“Dear me, no. Most natural. Charmingly high-spirited of you.”

“Well,” said Laura a little dryly, “it’s rather lucky you like me, isn’t it? Considering we’ve got to get married apparently.”

“Laura,” said Mr. Priestley, ceasing to beam, “I—I suppose you don’t happen to—well, to like me a little bit, too, do you?”

Feminine emotion is a delicate instrument, and no one can expect to play on a delicate instrument without practice. To Mr. Priestley’s consternation Laura burst into unexpected tears, tore herself from his arms, and ran from the room, crying out as she did so: “Good Heavens, I—I’m marrying you, aren’t I? What more do you want?”

Mr. Priestley stared after her as if imagining his eyes to be magnets and able to draw her back again. Finding they did not work in this way, he hurried after her. Her bedroom door was locked and Mr. Priestley, whispering urgently outside that he had something most important to tell her that would alter everything and wouldn’t she please come back and hear it, met with nothing but pointed, if tearful requests to go away. Looking round after three minutes’ fruitless work, he caught Barker’s disapproving but interested eye on him from the kitchen door. Barker’s eye succeeded where Laura’s entreaties had failed. Mr. Priestley went away, his urgent news untold.

Seventeen times during the course of the evening did he return to whisper at Laura’s door, seventeen times he retired baffled. Only once did Laura open it, and that was to pull in a loaded dinner-tray which Barker, surmising madly, had placed on the floor outside.

Mr. Priestley spent a miserable evening. Later on he went, in the deepest dejection, to bed.

But not to sleep. And as he turned restlessly from side to side and the thought of never seeing Laura again, after he had once told her the truth, grew more and more unbearable.

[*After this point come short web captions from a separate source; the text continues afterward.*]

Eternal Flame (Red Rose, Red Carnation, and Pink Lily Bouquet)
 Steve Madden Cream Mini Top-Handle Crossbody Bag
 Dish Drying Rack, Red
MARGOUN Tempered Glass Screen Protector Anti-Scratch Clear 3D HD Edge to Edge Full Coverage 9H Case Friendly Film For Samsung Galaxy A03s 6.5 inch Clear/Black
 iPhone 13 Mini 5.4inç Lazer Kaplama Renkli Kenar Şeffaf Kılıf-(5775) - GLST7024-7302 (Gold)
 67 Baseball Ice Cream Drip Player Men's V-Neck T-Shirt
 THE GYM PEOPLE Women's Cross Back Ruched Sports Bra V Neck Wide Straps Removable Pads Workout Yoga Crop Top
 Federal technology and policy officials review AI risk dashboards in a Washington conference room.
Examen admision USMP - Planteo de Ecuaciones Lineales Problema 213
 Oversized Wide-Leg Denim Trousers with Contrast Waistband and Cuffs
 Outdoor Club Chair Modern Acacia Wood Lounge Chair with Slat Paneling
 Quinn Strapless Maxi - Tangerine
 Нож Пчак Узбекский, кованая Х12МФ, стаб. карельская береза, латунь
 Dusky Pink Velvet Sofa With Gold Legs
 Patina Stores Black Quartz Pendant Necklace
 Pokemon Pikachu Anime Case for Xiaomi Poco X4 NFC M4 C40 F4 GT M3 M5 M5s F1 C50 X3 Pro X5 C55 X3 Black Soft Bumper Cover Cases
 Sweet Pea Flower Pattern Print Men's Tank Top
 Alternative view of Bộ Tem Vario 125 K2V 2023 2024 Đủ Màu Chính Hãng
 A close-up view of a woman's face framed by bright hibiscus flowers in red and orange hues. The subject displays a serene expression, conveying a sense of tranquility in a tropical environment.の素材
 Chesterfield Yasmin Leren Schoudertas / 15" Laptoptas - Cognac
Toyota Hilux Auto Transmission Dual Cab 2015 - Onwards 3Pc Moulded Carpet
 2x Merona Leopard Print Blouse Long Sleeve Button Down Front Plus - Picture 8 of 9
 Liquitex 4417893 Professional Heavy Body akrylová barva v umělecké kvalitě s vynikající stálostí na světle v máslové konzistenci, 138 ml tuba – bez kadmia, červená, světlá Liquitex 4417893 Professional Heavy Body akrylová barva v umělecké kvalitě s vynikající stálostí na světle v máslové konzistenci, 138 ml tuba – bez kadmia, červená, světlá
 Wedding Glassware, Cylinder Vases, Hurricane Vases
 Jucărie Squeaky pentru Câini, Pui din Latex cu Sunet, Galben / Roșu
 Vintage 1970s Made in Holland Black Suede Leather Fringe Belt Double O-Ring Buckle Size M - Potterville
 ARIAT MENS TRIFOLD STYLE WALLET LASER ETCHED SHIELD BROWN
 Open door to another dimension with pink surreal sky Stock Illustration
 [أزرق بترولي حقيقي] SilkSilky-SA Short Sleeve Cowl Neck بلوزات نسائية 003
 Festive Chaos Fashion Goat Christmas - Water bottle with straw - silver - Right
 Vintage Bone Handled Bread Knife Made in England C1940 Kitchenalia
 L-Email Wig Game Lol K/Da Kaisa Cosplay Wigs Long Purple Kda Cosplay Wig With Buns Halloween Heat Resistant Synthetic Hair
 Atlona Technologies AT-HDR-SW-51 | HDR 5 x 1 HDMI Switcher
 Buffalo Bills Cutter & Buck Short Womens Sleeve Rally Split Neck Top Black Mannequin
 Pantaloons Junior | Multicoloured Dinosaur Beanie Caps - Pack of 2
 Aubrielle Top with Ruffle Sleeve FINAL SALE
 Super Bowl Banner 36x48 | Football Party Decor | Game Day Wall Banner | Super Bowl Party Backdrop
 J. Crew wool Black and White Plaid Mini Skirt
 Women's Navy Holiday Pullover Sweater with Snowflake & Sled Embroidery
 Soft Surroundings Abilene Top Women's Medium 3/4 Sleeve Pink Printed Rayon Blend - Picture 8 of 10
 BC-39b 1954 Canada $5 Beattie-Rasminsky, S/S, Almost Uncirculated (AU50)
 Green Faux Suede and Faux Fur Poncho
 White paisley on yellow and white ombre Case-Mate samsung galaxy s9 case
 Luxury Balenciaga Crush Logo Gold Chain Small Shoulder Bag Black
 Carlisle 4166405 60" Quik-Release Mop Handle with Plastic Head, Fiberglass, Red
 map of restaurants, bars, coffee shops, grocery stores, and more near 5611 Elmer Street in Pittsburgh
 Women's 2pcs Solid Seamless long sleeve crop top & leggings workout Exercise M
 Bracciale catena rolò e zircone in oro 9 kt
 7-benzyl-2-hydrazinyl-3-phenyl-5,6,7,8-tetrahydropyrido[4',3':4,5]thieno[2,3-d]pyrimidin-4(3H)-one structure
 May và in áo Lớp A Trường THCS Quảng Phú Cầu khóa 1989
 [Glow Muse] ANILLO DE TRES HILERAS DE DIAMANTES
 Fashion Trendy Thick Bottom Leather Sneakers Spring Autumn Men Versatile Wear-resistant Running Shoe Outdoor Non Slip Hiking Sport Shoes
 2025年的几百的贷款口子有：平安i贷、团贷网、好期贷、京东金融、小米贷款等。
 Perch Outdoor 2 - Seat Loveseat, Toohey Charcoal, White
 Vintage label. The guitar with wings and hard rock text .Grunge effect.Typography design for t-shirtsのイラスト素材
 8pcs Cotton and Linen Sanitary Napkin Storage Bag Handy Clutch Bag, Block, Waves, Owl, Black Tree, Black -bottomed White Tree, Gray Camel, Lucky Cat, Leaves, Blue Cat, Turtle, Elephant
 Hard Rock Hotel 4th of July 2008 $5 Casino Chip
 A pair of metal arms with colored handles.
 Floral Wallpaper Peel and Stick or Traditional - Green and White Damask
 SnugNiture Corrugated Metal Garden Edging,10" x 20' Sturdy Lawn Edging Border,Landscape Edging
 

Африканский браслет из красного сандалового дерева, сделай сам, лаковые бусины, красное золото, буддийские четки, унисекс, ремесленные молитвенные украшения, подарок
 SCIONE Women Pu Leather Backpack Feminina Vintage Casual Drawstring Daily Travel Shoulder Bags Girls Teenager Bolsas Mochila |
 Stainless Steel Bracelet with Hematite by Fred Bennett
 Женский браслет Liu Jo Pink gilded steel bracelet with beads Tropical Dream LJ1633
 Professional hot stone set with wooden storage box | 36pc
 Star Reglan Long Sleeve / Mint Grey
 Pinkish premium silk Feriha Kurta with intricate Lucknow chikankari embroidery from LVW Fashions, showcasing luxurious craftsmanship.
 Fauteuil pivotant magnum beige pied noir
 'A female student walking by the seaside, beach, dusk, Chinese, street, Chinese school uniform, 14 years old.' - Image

Temptation came to Matthew Priestley. He struggled with it; he struggled with it manfully for a very long time (until four minutes past three, to be utterly accurate); and then Temptation, as it usually does, won. He would marry Laura to-morrow, as Cynthia had suggested. He would make sure of her first, and let the future look after itself. Oh, base Mr. Priestley!

Breakfast (which he took alone) found him confirmed in his turpitude. As he poured out his own coffee he knew he could not do without Laura and was going to stick at nothing to get her; as he passed himself the marmalade he told himself that all was fair in love and war; as he gazed at the unoccupied place beside him he tried, half-heartedly, to mitigate his villainy with the reflection that even marriage is not irrevocable; if Laura objected too strenuously, she could remain a wife in name only until the divorce was through. As he poured out his second cup of coffee he knew that he had not the faintest intention of letting Laura remain a wife in name only, and didn’t care a rap how base he was.

Pat Doyle would have been delighted. Mr. Priestley’s days of turniphood were done with forever. It was no snail who folded up Mr. Priestley’s napkin and banged it down on the table with a thud that made the crockery jump.